As in prior years, our approach involved collecting a number of health plan data points ranging from reported medical network utilization percentage to annual specialty prescription drug spend. Our analysis enabled participants to benchmark their 2020 plan metrics against peers’ results. In addition to this snapshot examination, we were afforded the opportunity to reflect on multi-year Deep Dive trends from a cohort of 20 employers who have submitted data annually since 2016.
While some trends persisted from prior years (i.e., the ever-growing share of specialty drug spend), other results surprised us. Here’s what we learned:
- Despite the widely reported reduction in medical utilization due to the COVID-19 pandemic, actual claims experience among participants showed costs nearly flat with the prior year. While this result falls about 4% below expected trend for the employer group, the drop-off in claims was not nearly as precipitous as predicted by various firms, nor had the expected surge in deferred care yet materialized as of mid-June 2021.
- While medical claims overall fell slightly, large claims increased significantly over the prior year. On an enrollment-normalized basis, $1.0M+ claims rose 11% between 2019 and 2020. Further, we found that the top 5% of patients accounted for an average of $57,000 per claimant during 2020, compared to only $2,000 for the other 95%!
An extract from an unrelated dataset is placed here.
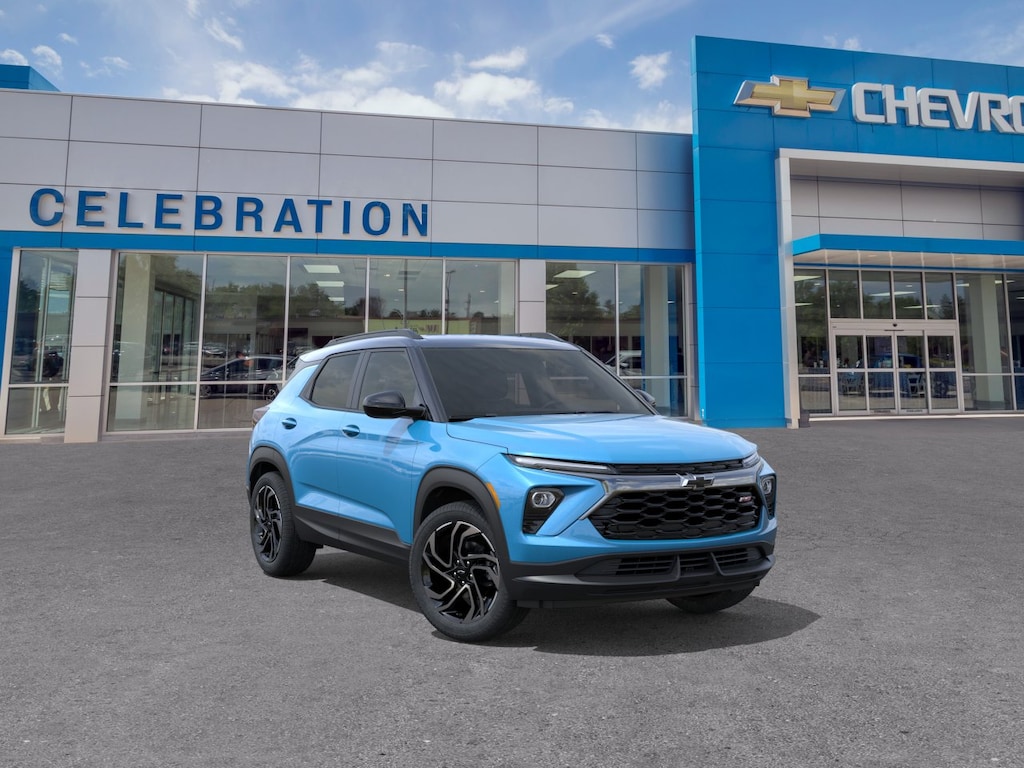 New 2026 Chevrolet Trailblazer RS SUV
- This burgeoning share of healthcare spend borne by high-cost claimants’ is being reflected in stop loss premiums, which rose to 7.5% of overall plan costs in 2020 and are projected to reach 10% of total spend by 2025. This, coupled with the ongoing trend of increasing stop loss deductible levels, leaves plan sponsors exposed to more severe catastrophic risks than ever before.
- Contrary to prior years, the most recent data showed an inverse relationship between reported network discount and medical plan spend, suggesting that buying medical TPA services based on network match/discounts could lead to lower overall costs. However, at the same time, we couldn’t help but notice a correlation between employer size and reported discounts. So, maybe we are really seeing an advantage of scale when it comes to larger employers controlling medical benefit costs.
- The relationship between an employer’s dependent ratio and overall plan cost was stronger than ever in 2020, with an increase in member ratio of .1 associated with an extra $540 in per employee costs for the year.
- Consumer driven health plans have yet to realize the promise of controlling overall plan spend. In fact, one reputable benefits surveyor found 2020 to be the first year in recent history in which market-wide plan enrollment shifted back toward PPOs from CDHPs.
- Finally, we learned that one member of the Chelko team has a particular affinity for Beyoncé (post-2015 albums only).
We appreciate everyone who shared their data and joined us for the online discussion. If you were unable to participate, please plan on joining us next year ― hopefully in-person ― as we expand and refine our data in a collective effort to become better plan managers.